Description of the task: Copy exactly, and only, the lines from the line containing "Les accords toltèques" through the last line of the records below, both included, and leave out any pictures.

Stored items from a collection
_____

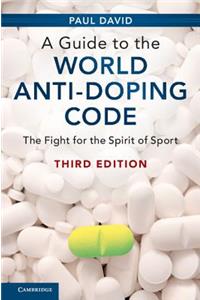 Guide to the World Anti-Doping Code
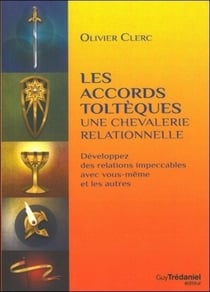 Les accords toltèques : une chevalerie relationnelle - développez des relations impeccables avec vous-même et les autres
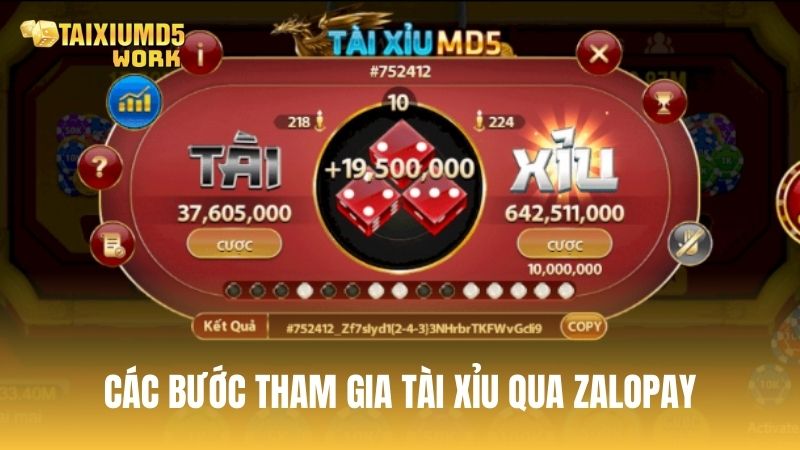 Các bước tham gia ván cược tài xỉu với Zalopay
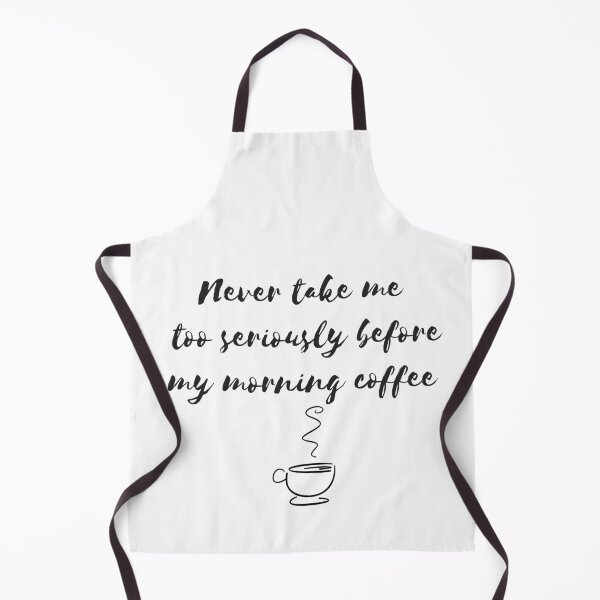 Item preview, Never take me too seriously before my morning coffee designed and sold by Amalzaki.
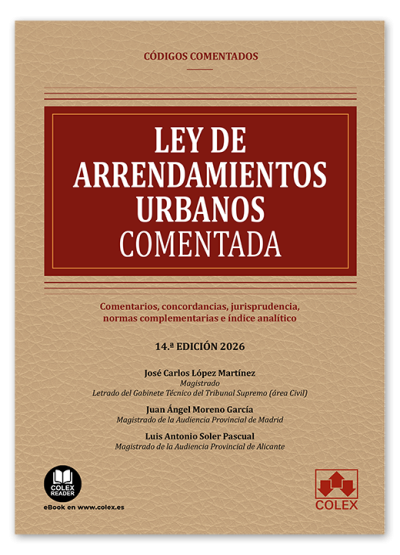 Ley de Arrendamientos Urbanos - C�digo comentado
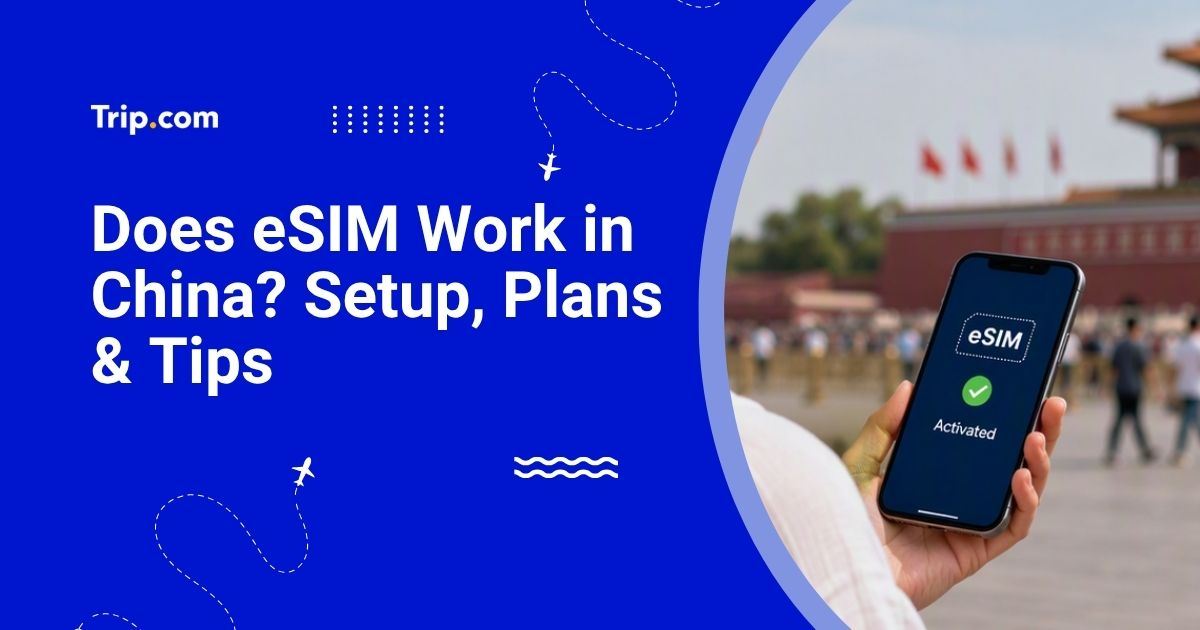 Does eSIM Work in China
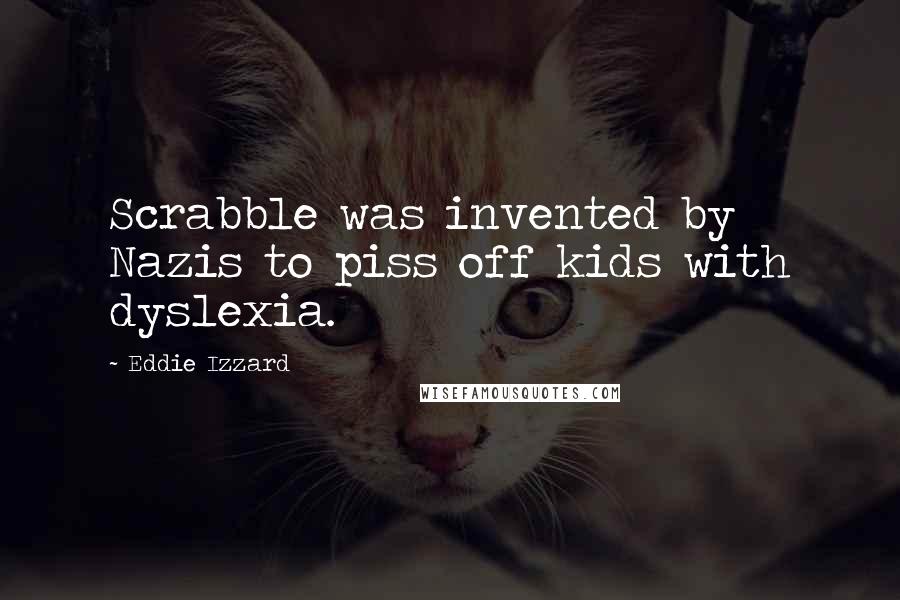 Eddie Izzard Quotes: Scrabble was invented by Nazis to piss off kids with dyslexia.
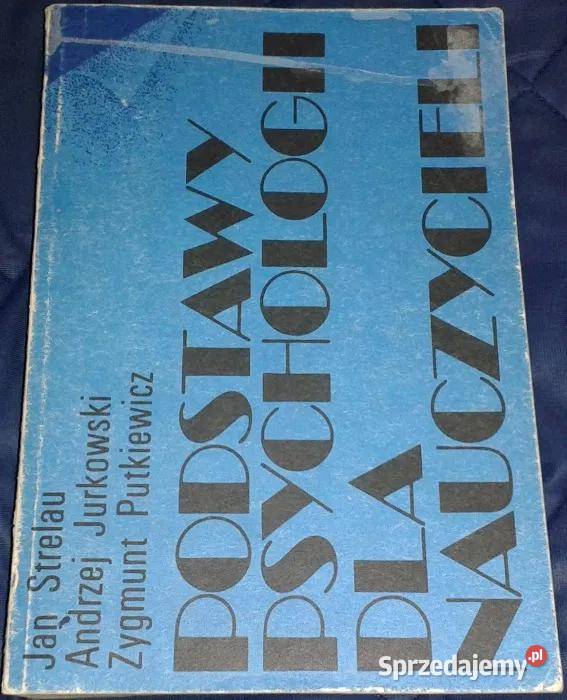 Podstawy psychologii nauczycieli J Strelau Chełm sprzedam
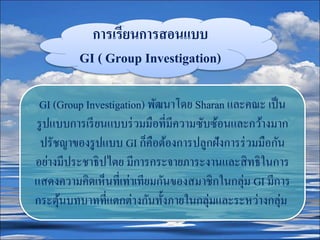 การเรียนการสอนแบบ
GI ( Group Investigation)
GI (Group Investigation) พัฒนาโดย Sharan และคณะ เป็น
รูปแบบการเรียนแบบร่วมมือที่มีความซับซ้อนและกว้างมาก
ปรัชญาของรูปแบบ GI ก็คือต้องการปลูกฝังการร่วมมือกัน
อย่างมีประชาธิปไตย มีการกระจายภาระงานและสิทธิในการ
แสดงความคิดเห็นที่เท่าเทียมกันของสมาชิกในกลุ่ม GI มีการ
กระตุ้นบทบาทที่แตกต่างกันทั้งภายในกลุ่มและระหว่างกลุ่ม
 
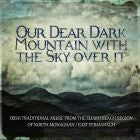 Our Dear Dark Mountain With The Sky Over It - Sean McElwain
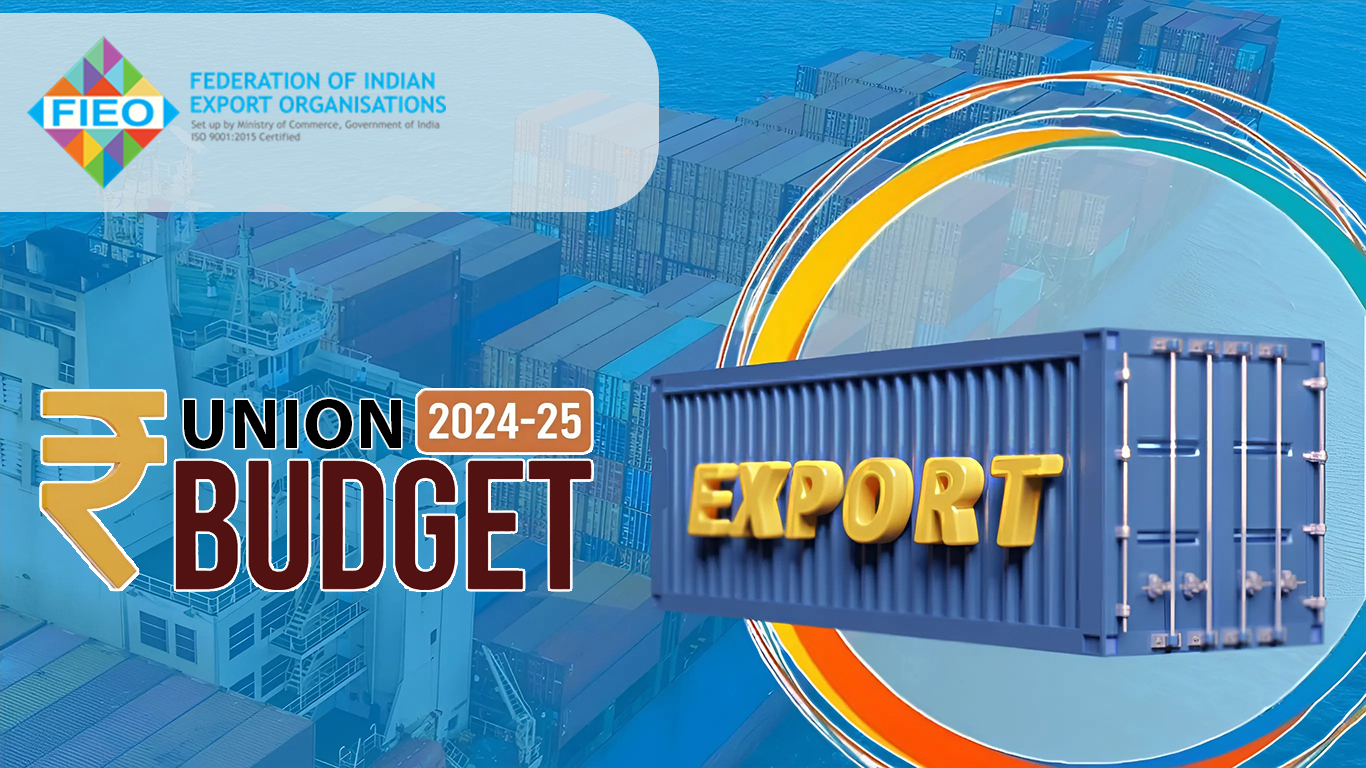 FIEO Applauds Union Budget’s Strategic Focus on Import Substitution and Export Promotion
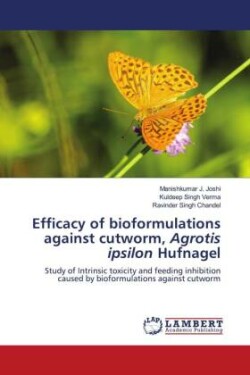 Efficacy of bioformulations against cutworm, Agrotis ipsilon Hufnagel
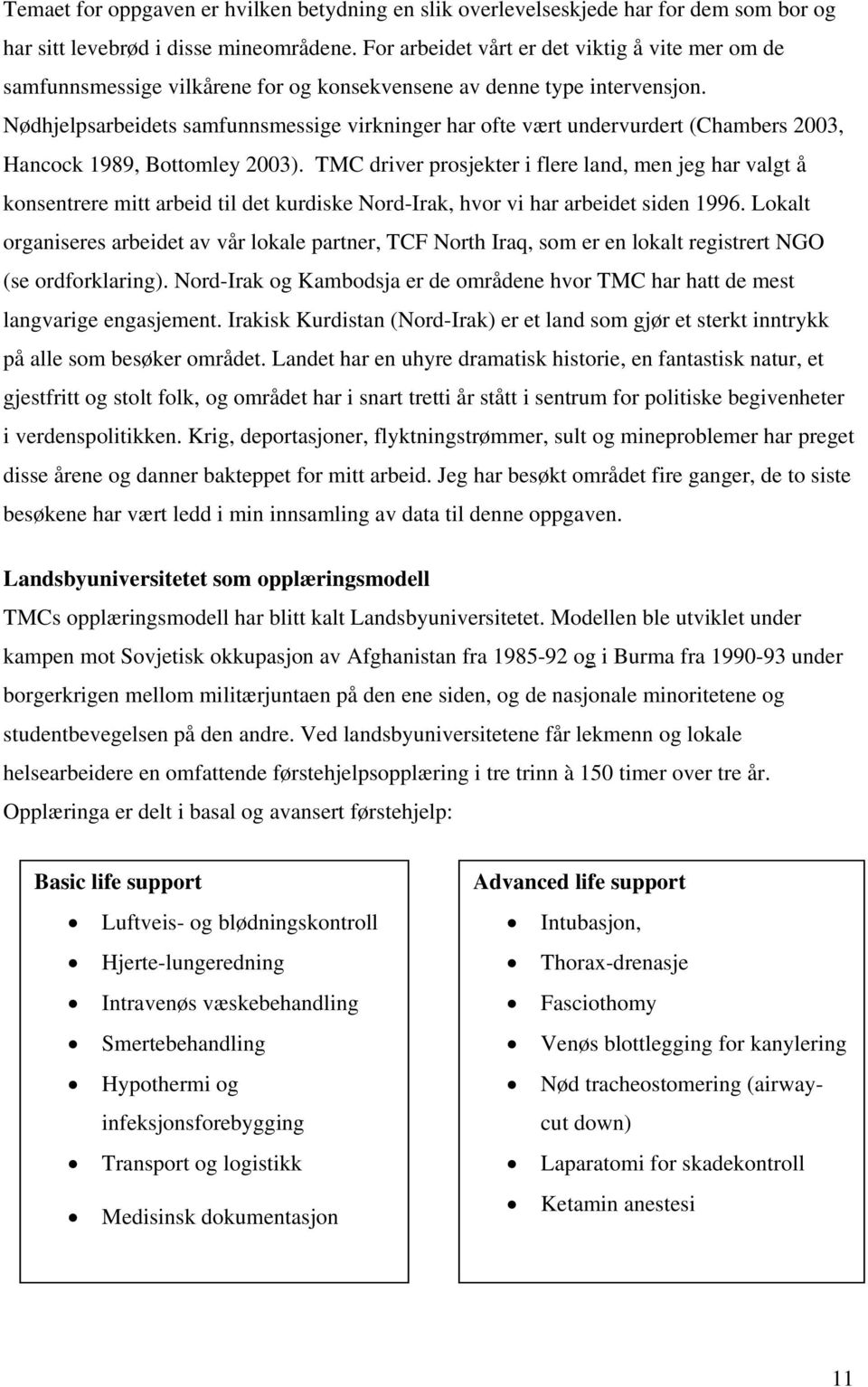 Nødhjelpsarbeidets samfunnsmessige virkninger har ofte vært undervurdert (Chambers 2003, Hancock 1989, Bottomley 2003).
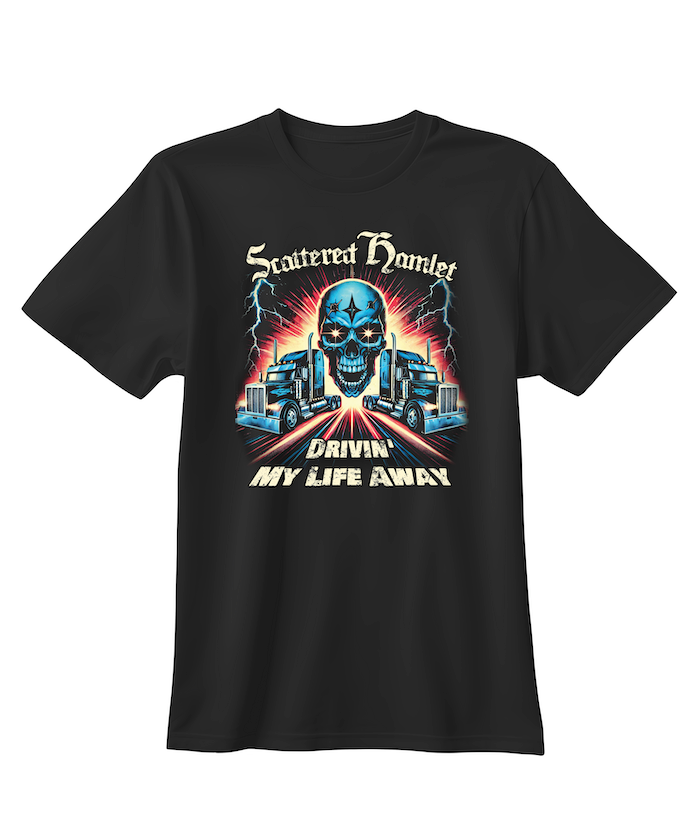 Scattered Hamlet "Drivin' My Life Away" T-Shirt!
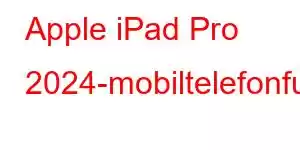 Apple iPad Pro 2024-mobiltelefonfunksjoner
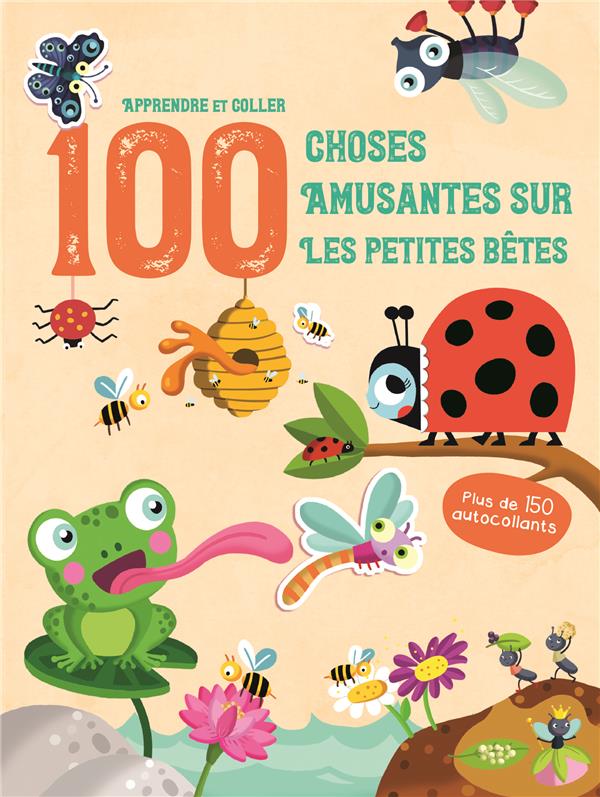 LES PETITES BETES - APPRENDRE ET COLLER 100 CHOSES AMUSANTES SUR - PLUS DE 150 AUTOCOLLANTS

_____

Written answer:
 Les accords toltèques : une chevalerie relationnelle - développez des relations impeccables avec vous-même et les autres
 Các bước tham gia ván cược tài xỉu với Zalopay
 Item preview, Never take me too seriously before my morning coffee designed and sold by Amalzaki.
 Ley de Arrendamientos Urbanos - C�digo comentado
 Does eSIM Work in China
 Eddie Izzard Quotes: Scrabble was invented by Nazis to piss off kids with dyslexia.
 Podstawy psychologii nauczycieli J Strelau Chełm sprzedam
 การเรียนการสอนแบบ
GI ( Group Investigation)
GI (Group Investigation) พัฒนาโดย Sharan และคณะ เป็น
รูปแบบการเรียนแบบร่วมมือที่มีความซับซ้อนและกว้างมาก
ปรัชญาของรูปแบบ GI ก็คือต้องการปลูกฝังการร่วมมือกัน
อย่างมีประชาธิปไตย มีการกระจายภาระงานและสิทธิในการ
แสดงความคิดเห็นที่เท่าเทียมกันของสมาชิกในกลุ่ม GI มีการ
กระตุ้นบทบาทที่แตกต่างกันทั้งภายในกลุ่มและระหว่างกลุ่ม
 
 Our Dear Dark Mountain With The Sky Over It - Sean McElwain
 FIEO Applauds Union Budget’s Strategic Focus on Import Substitution and Export Promotion
 Efficacy of bioformulations against cutworm, Agrotis ipsilon Hufnagel
 Nødhjelpsarbeidets samfunnsmessige virkninger har ofte vært undervurdert (Chambers 2003, Hancock 1989, Bottomley 2003).
 Scattered Hamlet "Drivin' My Life Away" T-Shirt!
 Apple iPad Pro 2024-mobiltelefonfunksjoner
 LES PETITES BETES - APPRENDRE ET COLLER 100 CHOSES AMUSANTES SUR - PLUS DE 150 AUTOCOLLANTS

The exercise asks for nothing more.